For those who best express things through the written word,
triumph and tragedy are the greatest challenges. How can one capture either the
heights of elation or the bitterness of mourning that are, literally, beyond
words? Yet it is those time when the wordsmith is most needed, for it is those
times when people desperately seek to bridge the gulf between what they are
feeling and what they can express. This is almost the definition of art itself,
for it is from the extremes of human experience that the majority of great art
finds it richest resource. Now, I can assure you that I do not consider myself
a literary great. But I do consider myself as someone who best expresses
themselves through writing.
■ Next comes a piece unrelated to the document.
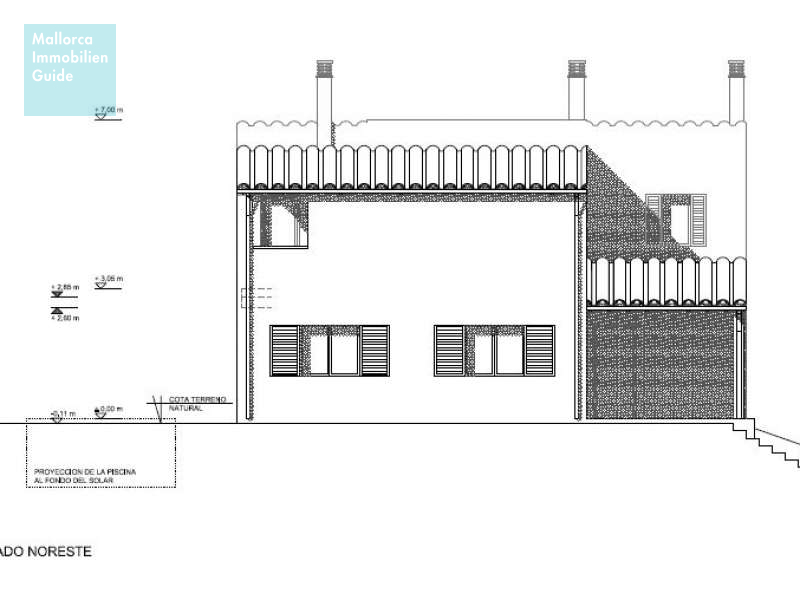 Baugrundstück, Can Picafort: Grundstück mit Baugenehmigung in Meernähe - 8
I write in various forms – song lyrics, poems,
analysis & opinion (i.e. blogging) and have a couple of nascent novel
ideas. The past couple of weeks I have seen a flurry of writing that I’ve not
experienced for a long while; not incidentally there have simultaneously been
things of both great joy and sorrow going on. The point of these musings? I
have come to appreciate afresh that writing is a powerful, valuable, God-given
entity that has a life-affirming and healing power both for the author and
those far beyond; the ability to connect in the midst of our brightest and
darkest hours.
Continuing on the theme of the power of writing, I recently came
across this astonishing quote from Victor Hugo that I had to share: “I feel within me that future
life. I am like a forest that has been razed; the new shoots are stronger and
brighter. I shall most certainly rise toward the heavens the nearer my approach
to the end, the plainer is the sound of immortal symphonies of worlds which
invite me. For half a century I have been translating my thoughts into prose
and verse: history, drama, philosophy, romance, tradition, satire, ode, and
song; all of these I have tried. But I feel I haven’t given utterance to the
thousandth part of what lies within me. When I go to the grave I can say, as
others have said, “my day’s work is done”. But what I cannot say, “my life is
done”. My work will recommence the next morning. The tomb is not a blind alley;
it is a thoroughfare. It closes upon the twilight, but opens upon the dawn.”